The change formula must be grounded in what they already believe, specifically that they’re unfairly accused, wrongly labeled, underappreciated, disrespected victims. Beneath the mask of ego, they suffer.

Recall the Buddha’s famous words (roughly translated):

I teach only two things, the fact of suffering and the end of suffering.

They must learn that they are suffering and that their perceptions and egos cause their suffering. Acting on their most humane values relieves their suffering and opens a path to realize their hopes of better relationships. Integrity of values must displace integrity of ego.

Though values are more central to the sense of self, ego disputes are usually more intense than value disagreements. Ego protects us from vulnerable feelings, such as sadness, guilt, shame, or the hybrid species of shame—fear of being wrong. We can’t afford protection from guilt, shame, and sadness; they drive us to behave in accordance with deeper values so that we feel consistently authentic, which feels better than insisting that we’re right. If we don’t undermine the motivations of vulnerable emotions by blaming them on others, they serve as correction signals to be true to our deeper selves.

Ego-driven partners feel entitled to punish disagreement by withholding affection, compassion, and kindness. But they feel liberated when they act on the motivations of sadness, guilt, and shame to become better partners.

Exercise

Develop a coherent story about the relationship you want to have, one of integrity, based on humane values. The following is a guide.

List the three most important assets your partner brings to your relationship. (Example: sensitive to others, generous, caring)

List what you consider to be the three most important qualities about you as a partner. (Example: loving, respectful, compassionate)

List three ways you would like to improve as a partner. (Example: be more engaged, more positive, and more aware of the good moments)
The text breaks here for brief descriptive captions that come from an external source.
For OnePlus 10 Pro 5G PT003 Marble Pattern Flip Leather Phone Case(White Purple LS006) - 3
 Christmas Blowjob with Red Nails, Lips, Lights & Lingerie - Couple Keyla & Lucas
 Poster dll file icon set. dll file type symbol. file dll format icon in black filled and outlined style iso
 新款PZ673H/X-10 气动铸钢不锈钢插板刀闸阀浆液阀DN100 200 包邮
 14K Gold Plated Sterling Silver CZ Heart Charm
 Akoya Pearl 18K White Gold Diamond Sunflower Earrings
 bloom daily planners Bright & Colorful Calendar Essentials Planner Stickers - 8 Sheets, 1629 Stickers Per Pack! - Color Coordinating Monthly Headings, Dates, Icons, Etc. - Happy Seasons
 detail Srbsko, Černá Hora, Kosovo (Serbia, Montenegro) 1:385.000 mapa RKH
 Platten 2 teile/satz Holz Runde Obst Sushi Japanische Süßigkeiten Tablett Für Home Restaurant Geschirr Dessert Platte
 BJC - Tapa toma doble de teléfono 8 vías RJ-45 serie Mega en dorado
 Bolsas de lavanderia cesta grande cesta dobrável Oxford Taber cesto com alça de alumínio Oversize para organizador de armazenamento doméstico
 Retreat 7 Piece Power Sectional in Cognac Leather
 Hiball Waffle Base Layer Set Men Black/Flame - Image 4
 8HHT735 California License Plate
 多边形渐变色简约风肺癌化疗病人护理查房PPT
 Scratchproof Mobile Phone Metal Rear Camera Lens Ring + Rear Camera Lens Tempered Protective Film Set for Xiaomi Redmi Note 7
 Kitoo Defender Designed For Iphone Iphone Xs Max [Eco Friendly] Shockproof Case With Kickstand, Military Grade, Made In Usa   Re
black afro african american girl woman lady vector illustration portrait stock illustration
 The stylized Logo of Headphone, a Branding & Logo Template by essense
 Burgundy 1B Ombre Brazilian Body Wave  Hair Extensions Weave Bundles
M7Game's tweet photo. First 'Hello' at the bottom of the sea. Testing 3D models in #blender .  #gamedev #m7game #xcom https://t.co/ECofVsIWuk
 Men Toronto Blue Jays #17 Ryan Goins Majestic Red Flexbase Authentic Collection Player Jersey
List the five things you most appreciate about your relationship. (Example: companionship, fun, sensuality, vitality, security)

List five behaviors you need to do less of to have the relationship you most want. (Example: be less critical, defensive, demanding, withholding, selfish)

Construct a coherent story about your relationship using the 19 items you listed above.

(Example: My relationship brings me fun, sensuality, vitality, security, and companionship. My partner is sensitive, generous, and caring. She deserves to have me work hard to be loving, respectful, and compassionate. My relationship is important enough for me to make the effort to be more engaged, positive, and appreciative of the good moments. I will eliminate criticism by focusing on improvement, defensiveness by trying to understand my partner’s perspective, demanding by giving what I want to receive, withholding by enjoying generosity of spirit, and selfishness by recognizing that my partner matters as much as I do.)

Notice that to positively influence your partner, you must first tell yourself a coherent story, based on your deeper beliefs, humane values, and hopes. The change in your emotional demeanor will likely influence your partner positively, without you having to say a word.